One of these women may have been the person who swiped my copy of M.R. James's Collected Ghost Stories, though this was eventually returned, with a note inside from a woman--but I don't think it was either of these two--saying they had borrowed--maybe ask?--my book and thought my marginalia was at first random doodles--which I guess says something about my handwriting--but that they read said notes in the margin and enjoyed them. I could be arrested for my marginalia. Some of it, at least.
The Army-Navy game is awesome. I just think it's so cool. How can you not have respect for those programs? It's an untainted game, too. No one is transferring, no payouts. Just football by people who have made a commitment of service, and a game that people who went to one of those academies really care about. There are no alums of any school who care about a rivalry more than the alums of Army and Navy care about that game.

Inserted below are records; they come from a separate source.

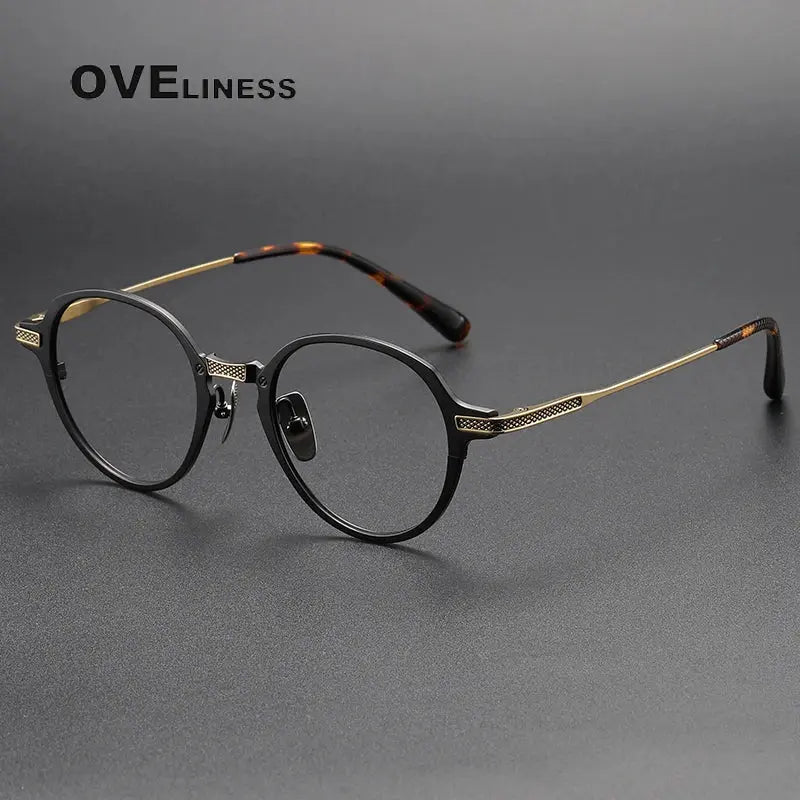 Unisex Oval Full Rim Titanium Prescription Glasses 369426 — view 4 | Rx Spectacle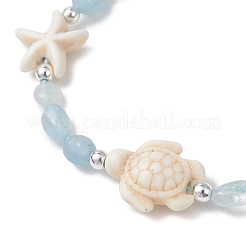 Браслеты из натуральных аквамаринов и синтетических бирюзовых бусин&nbsp;BJEW-JB13275-01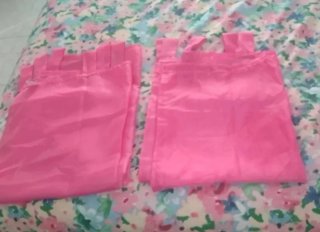 3 Cortinas Rosas de Gasa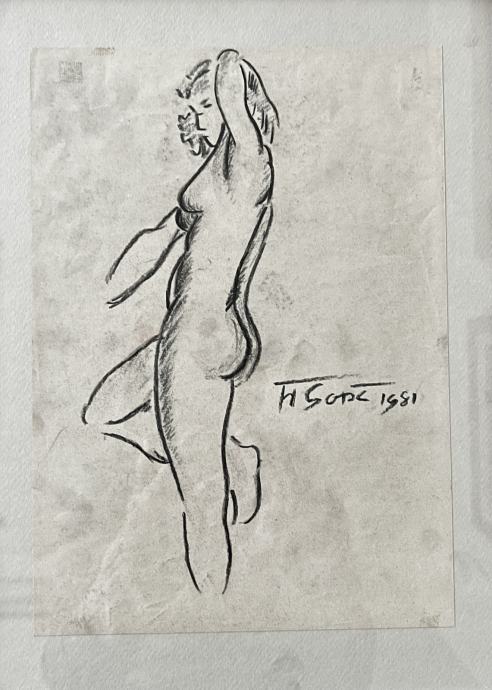 GORŠE FRANCE, risba, ženski akt, 38 x 29 cm,1981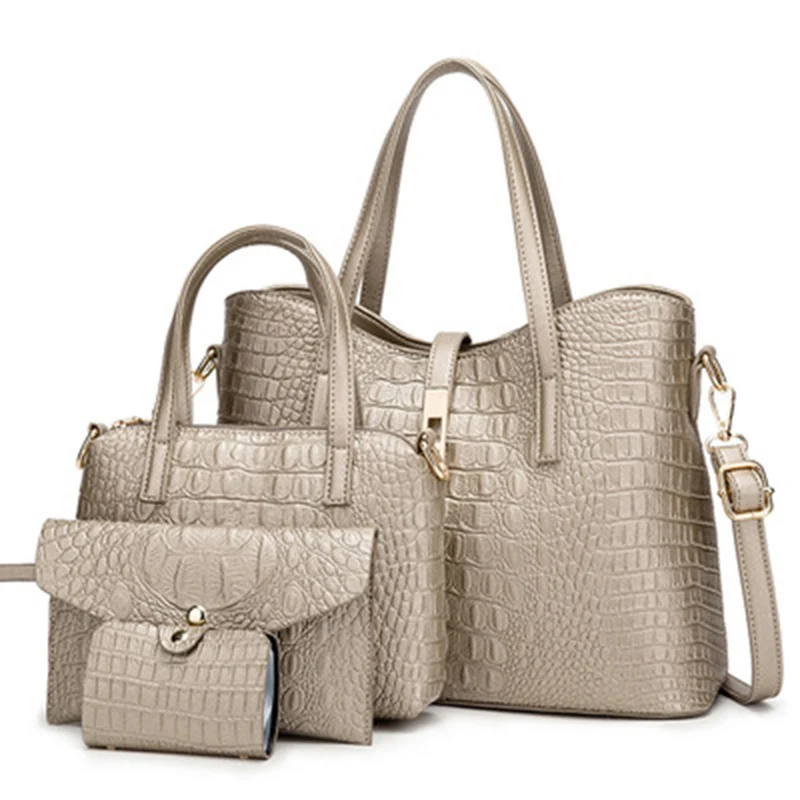 

Crocodile pattern female bag new 2021 messenger shoulder bag portable four-piece bag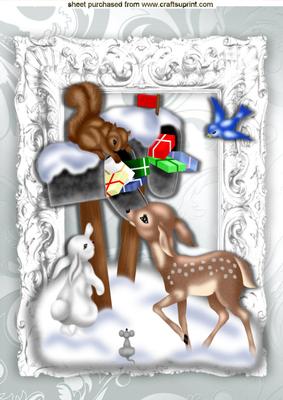 Beautiful Animals of the Forest in the Snow in Silver Frame
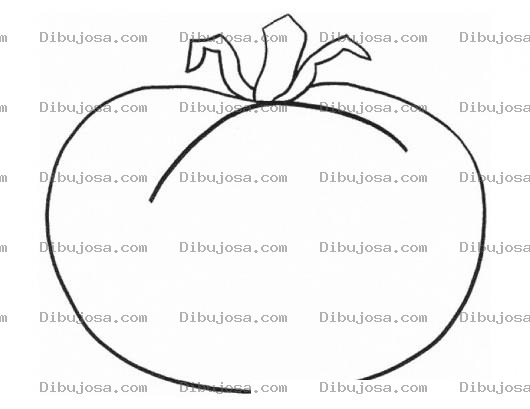 Dibujo para colorear Tomatemaduro Dibujo De Un Tomate Maduro Para Pintar Y Colorear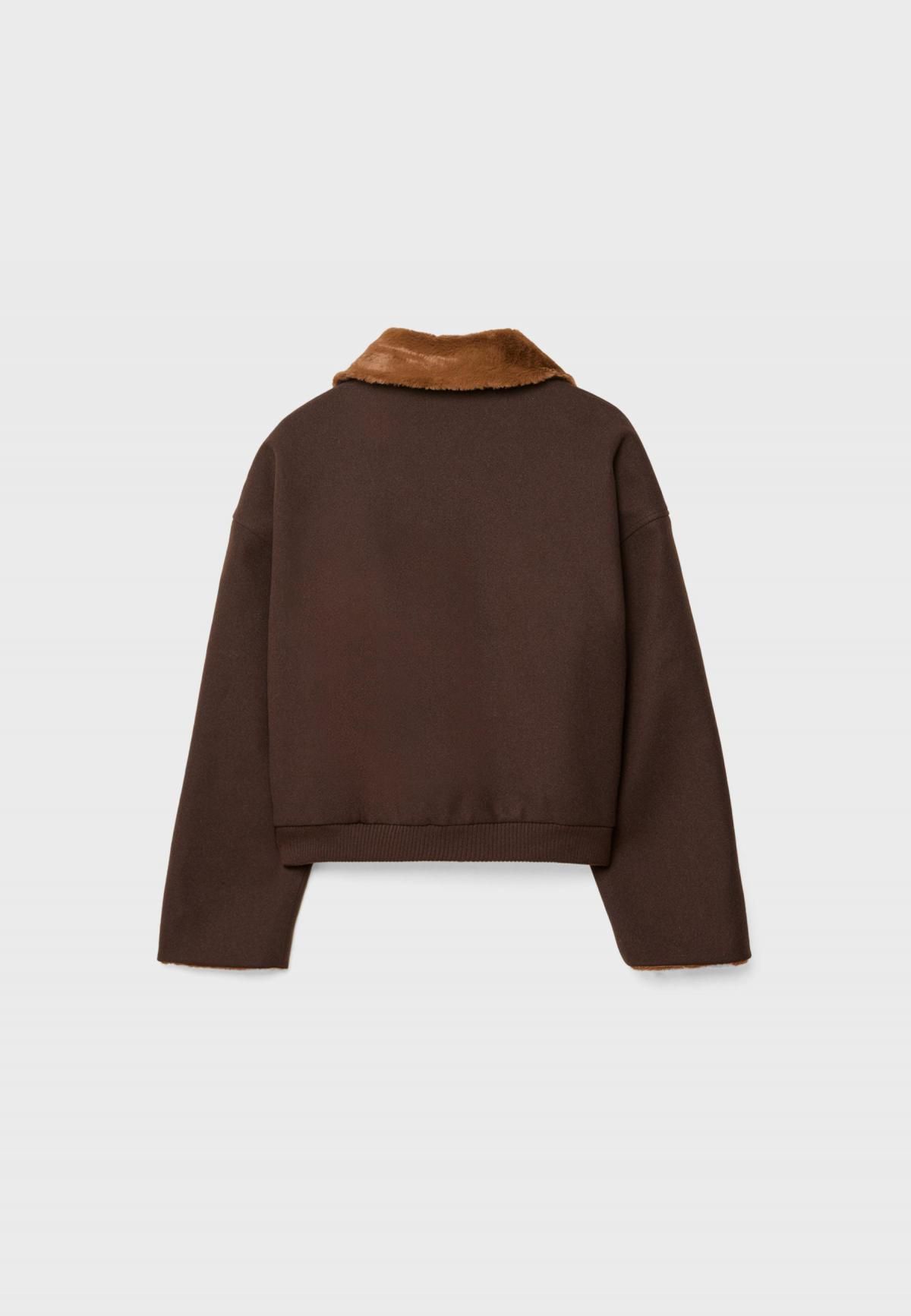 스트라디바리우스 리버시블 테크니컬 페이크퍼 칼라 재킷 8623/733 BROWN - 상세 이미지 2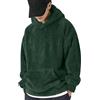 Duohropke Felpa con cappuccio da uomo in pelliccia di orsacchiotto, in pile, per attività all'aperto, casual, con cappuccio, oversize, con tasche, maglione invernale, verde, M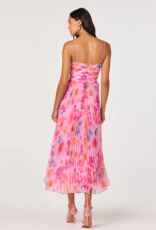 ASTR Bayley Floral Pleated Midi Dress in Pink Multi Floral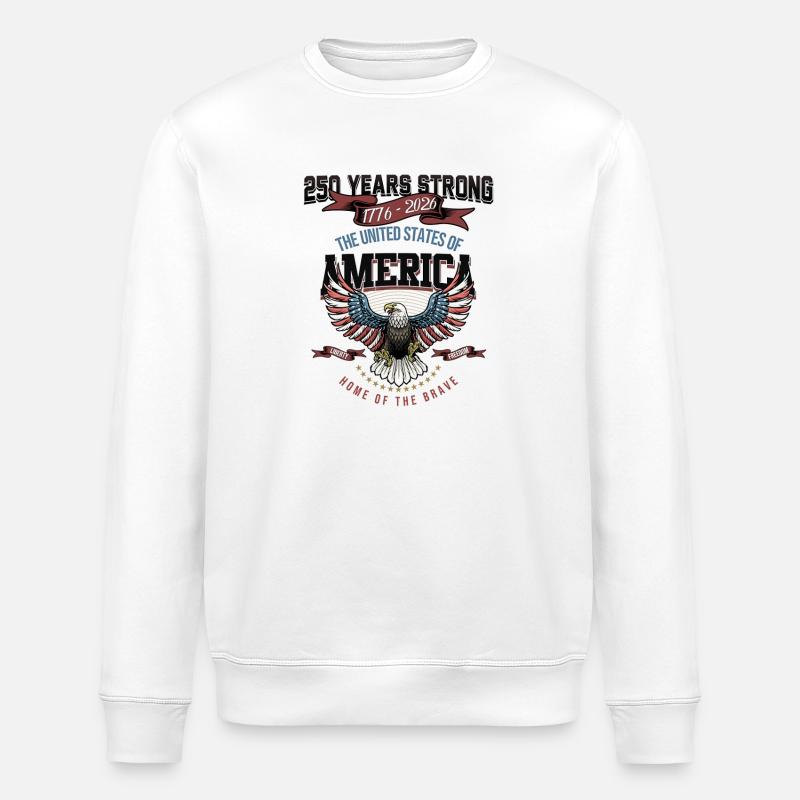 250e anniversaire des États-Unis - Sweat bio ROLLER Stanley/Stella Unisexe - blanc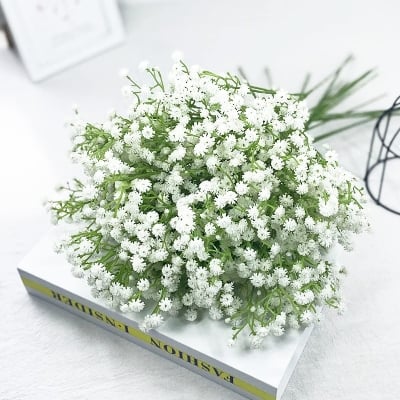 Picture of Artificial Plastic Flowers Bouquet White Gypsophila DIY Home Wedding Balcony Babysbreath Outdoor Decoration Flower white 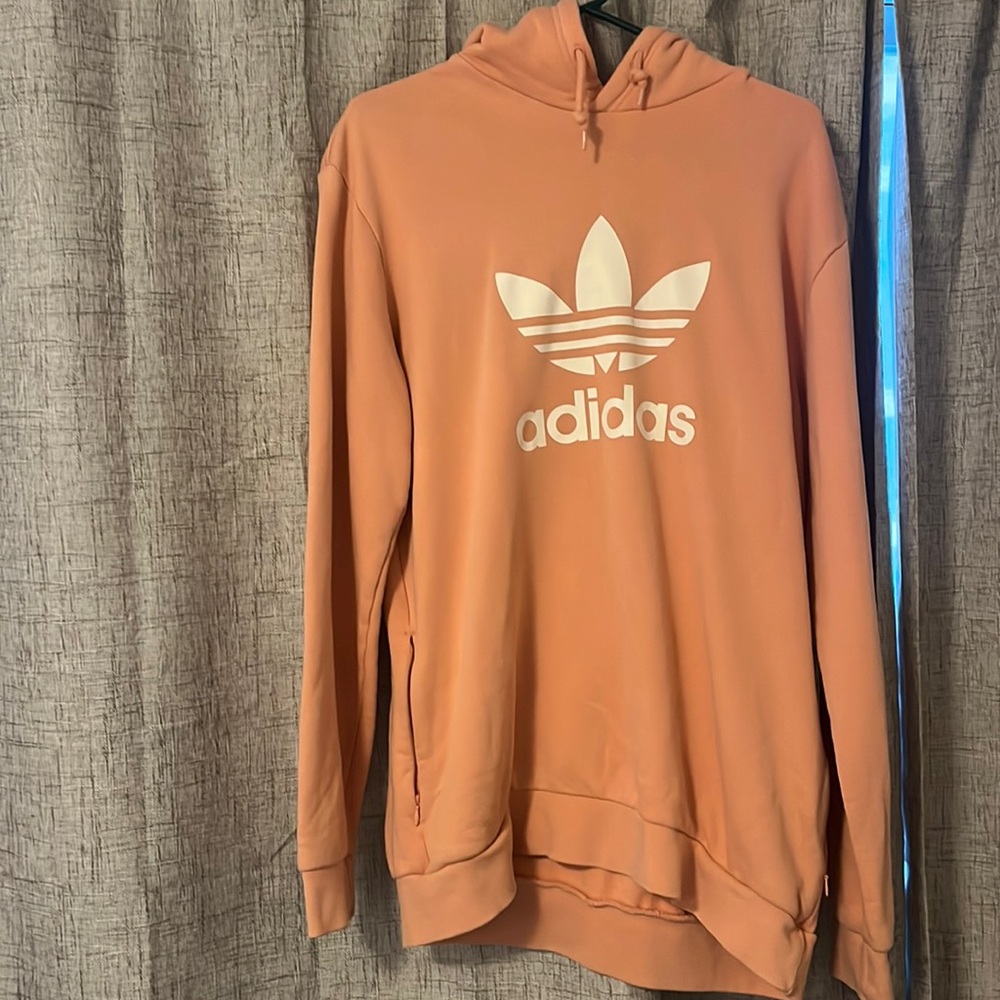 Adidas peach/coral sweatshirt with zip pockets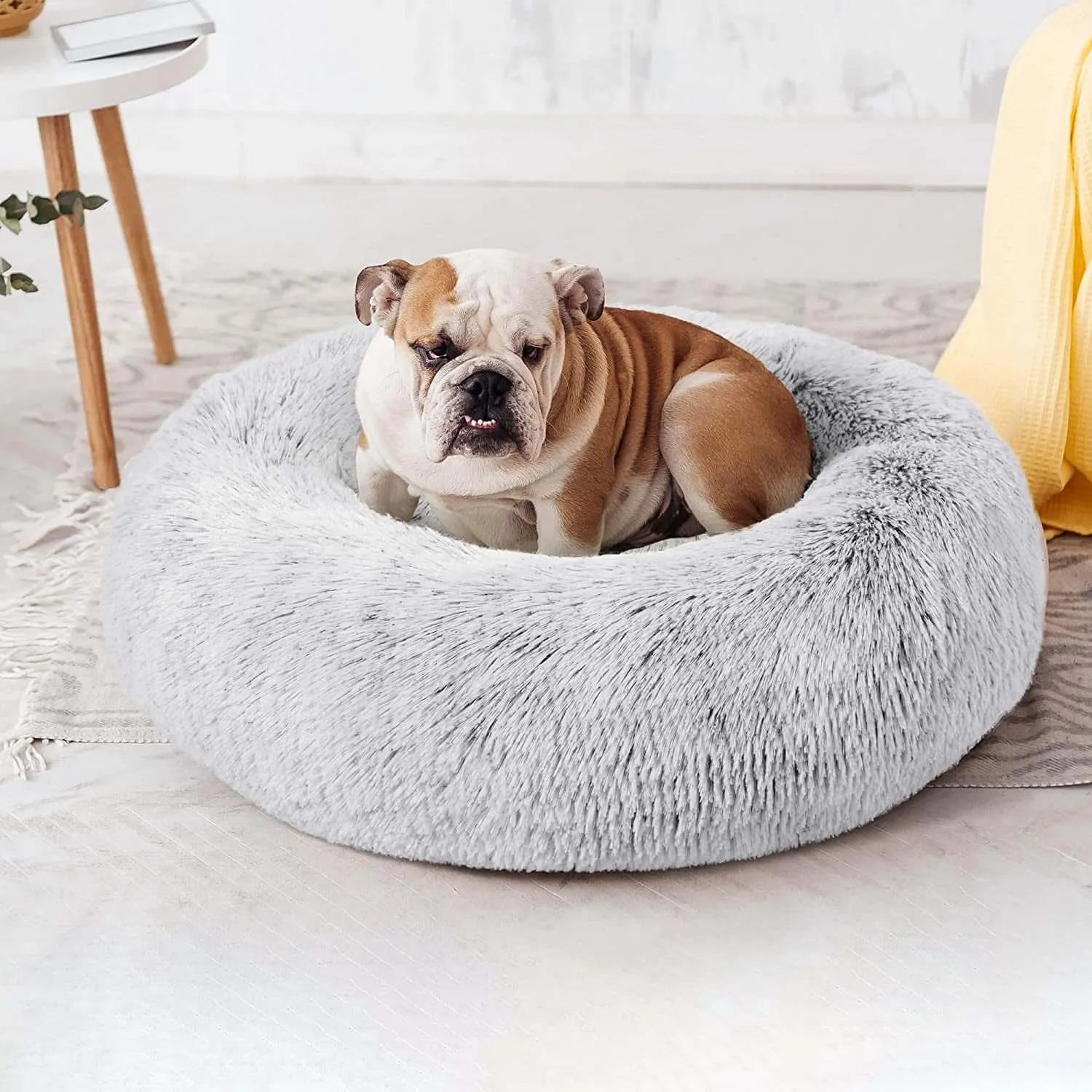 24In Cat Beds for Indoor Cats - Cat Bed with Machine Washable, Waterproof Bottom - Grey Fluffy Dog and Cat Calming Cushion Bed for Joint-Relief and Sleep Improvement
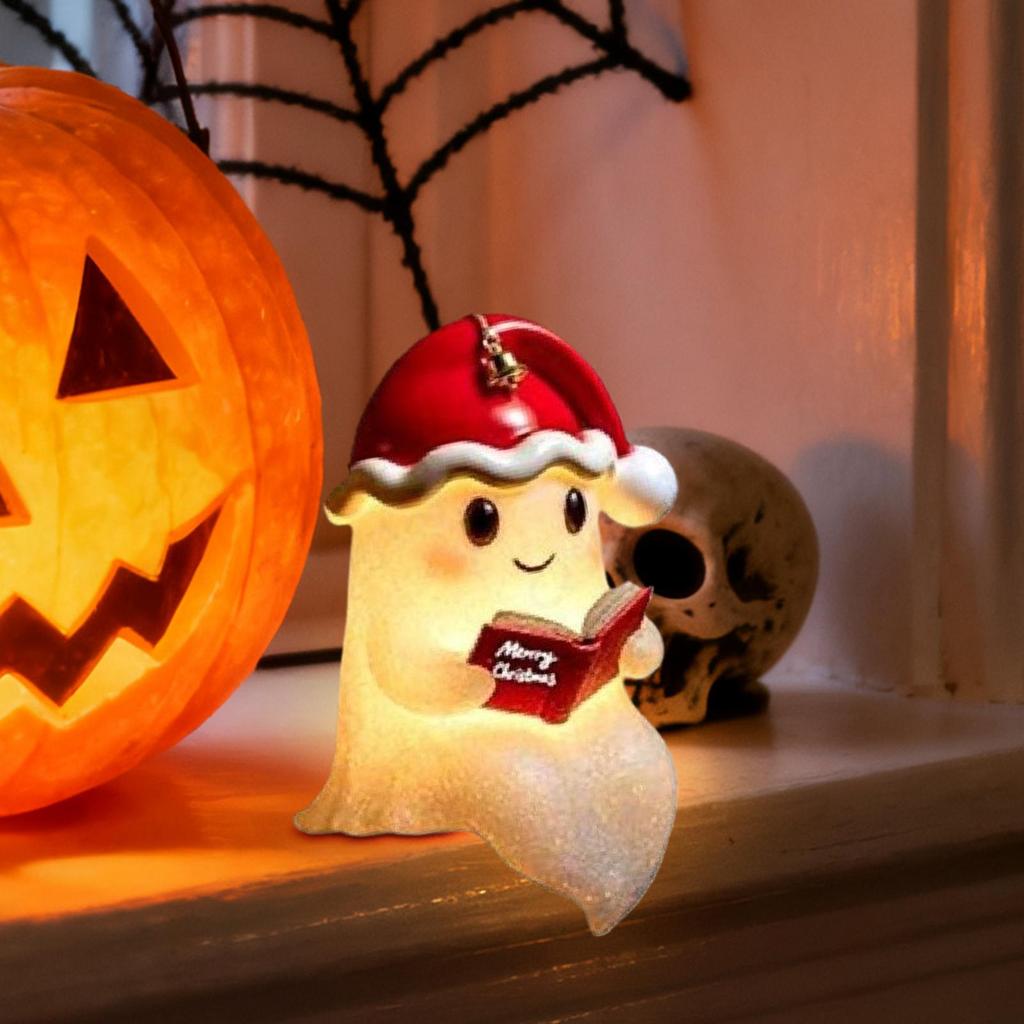 Ghost Night Light Spooky Table Decor Halloween Ghost Night Light Horror Desktop Ornament Christmas LED Lamp For Kitchen Living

Today I saw a post from a woman that read, "It sucks to be the single friend." I'll click on the bio after reading such a thing, which always makes for a very easy exercise in dot connecting. Sure enough, her bio read, "Doggo mom"--nothing else--and her profile photo was her giving the camera the middle finger. And you don't see any connection, maybe, eh lady? Can't come up with any idea as to why things might be what they are? There's hardly ever any mystery.
Ella Wishes You a Swinging Christmas is the Ella Fitzgerald Christmas album that gets the most attention (pretty much all of it) and which I've written about before, but Ella Fitzgerald's Christmas, an album of sacred numbers, is also strong. I've written about the former and pitched the latter, but it wasn't assigned.
The other day I read a post from a woman that said, "We all deserve better." Do we? Who does? Because most people are see are self-obsessed, lazy, selfish, boring, unkind, and care about no one save themselves, learn nothing, never grow, never try to learn anything, never try to grow, offer nothing, and do nothing for anyone.
They deserve better? Why? They deserve less. Society carries them, because this is how most people are, and to use the analogy of the team and the coach, you can't fire the team. Society has to devolve so that the members of society--the vast majority--can get by. They can have jobs and houses and procreate and then die off and be replaced by people the same or even worse. You don't automatically deserve anything. Or very little. What about earning things? But no, most people don't deserve better. If what people got was commensurate with what they do and what they offer and the effort they put forth, you'd see something so shocking that you'd have to look away. Most people suck, and as people who suck and never learn and grow and help, they're already making out like bandits.
Yesterday I walked three miles, did 100 push-ups, and ran 5000 stairs at City Hall. I have--save for a quick check-in the other day--not been in the Bunker Hill Monument in two weeks. I need to remedy this. I've been running the City Hall stairs. Why? Mostly because the Monument doesn't open until one, which makes no sense. Why open so late in the day? If I start work at three, I've put in what would be a full day for other people when it's still morning, and I have not felt like waiting until half past twelve to go to Charlestown when I could run my stairs and be done with them.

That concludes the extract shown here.